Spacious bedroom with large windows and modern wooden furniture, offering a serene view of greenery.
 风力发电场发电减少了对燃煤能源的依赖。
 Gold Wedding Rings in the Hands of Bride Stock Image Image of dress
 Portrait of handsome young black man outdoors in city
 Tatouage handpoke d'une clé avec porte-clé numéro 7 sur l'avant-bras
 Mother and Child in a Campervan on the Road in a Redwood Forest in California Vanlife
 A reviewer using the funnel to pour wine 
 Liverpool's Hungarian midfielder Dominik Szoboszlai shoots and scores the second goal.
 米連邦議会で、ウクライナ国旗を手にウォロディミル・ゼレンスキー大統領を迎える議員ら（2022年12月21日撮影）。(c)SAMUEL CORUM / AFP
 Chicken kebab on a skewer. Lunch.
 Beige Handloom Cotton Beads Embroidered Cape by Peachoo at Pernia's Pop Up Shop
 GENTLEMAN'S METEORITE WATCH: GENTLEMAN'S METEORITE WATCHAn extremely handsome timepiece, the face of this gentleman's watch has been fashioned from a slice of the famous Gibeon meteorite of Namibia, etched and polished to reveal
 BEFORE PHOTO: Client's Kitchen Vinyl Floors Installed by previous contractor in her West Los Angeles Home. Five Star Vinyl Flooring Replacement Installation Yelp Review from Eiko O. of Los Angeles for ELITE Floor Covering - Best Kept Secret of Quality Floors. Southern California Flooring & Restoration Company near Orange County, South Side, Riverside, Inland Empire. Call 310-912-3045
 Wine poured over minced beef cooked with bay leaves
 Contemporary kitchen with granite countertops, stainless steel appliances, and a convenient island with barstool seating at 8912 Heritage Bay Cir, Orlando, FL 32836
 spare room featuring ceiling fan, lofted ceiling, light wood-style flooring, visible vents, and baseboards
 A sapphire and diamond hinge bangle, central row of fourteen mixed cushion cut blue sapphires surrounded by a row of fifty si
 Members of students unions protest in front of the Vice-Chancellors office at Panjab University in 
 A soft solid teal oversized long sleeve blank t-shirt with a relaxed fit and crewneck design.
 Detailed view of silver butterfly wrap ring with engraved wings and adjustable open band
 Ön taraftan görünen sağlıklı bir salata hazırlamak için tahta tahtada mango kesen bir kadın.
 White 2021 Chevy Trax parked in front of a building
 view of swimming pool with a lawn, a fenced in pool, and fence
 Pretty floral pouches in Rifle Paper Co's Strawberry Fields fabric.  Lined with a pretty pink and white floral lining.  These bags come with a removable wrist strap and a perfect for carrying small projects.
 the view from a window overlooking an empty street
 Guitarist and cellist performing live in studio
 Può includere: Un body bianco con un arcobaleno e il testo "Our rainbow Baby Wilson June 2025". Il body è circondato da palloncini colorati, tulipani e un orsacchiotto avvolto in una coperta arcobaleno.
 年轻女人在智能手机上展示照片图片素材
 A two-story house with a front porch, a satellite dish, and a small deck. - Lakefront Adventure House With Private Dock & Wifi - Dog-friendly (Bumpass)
● ● ● ● ● ● ●
[INSTRUCTIONS FOR THE TASK]
What lines of the data contain the string "front"? List them.

[TASK RESULT]
 Members of students unions protest in front of the Vice-Chancellors office at Panjab University in 
 White 2021 Chevy Trax parked in front of a building
 A two-story house with a front porch, a satellite dish, and a small deck. - Lakefront Adventure House With Private Dock & Wifi - Dog-friendly (Bumpass)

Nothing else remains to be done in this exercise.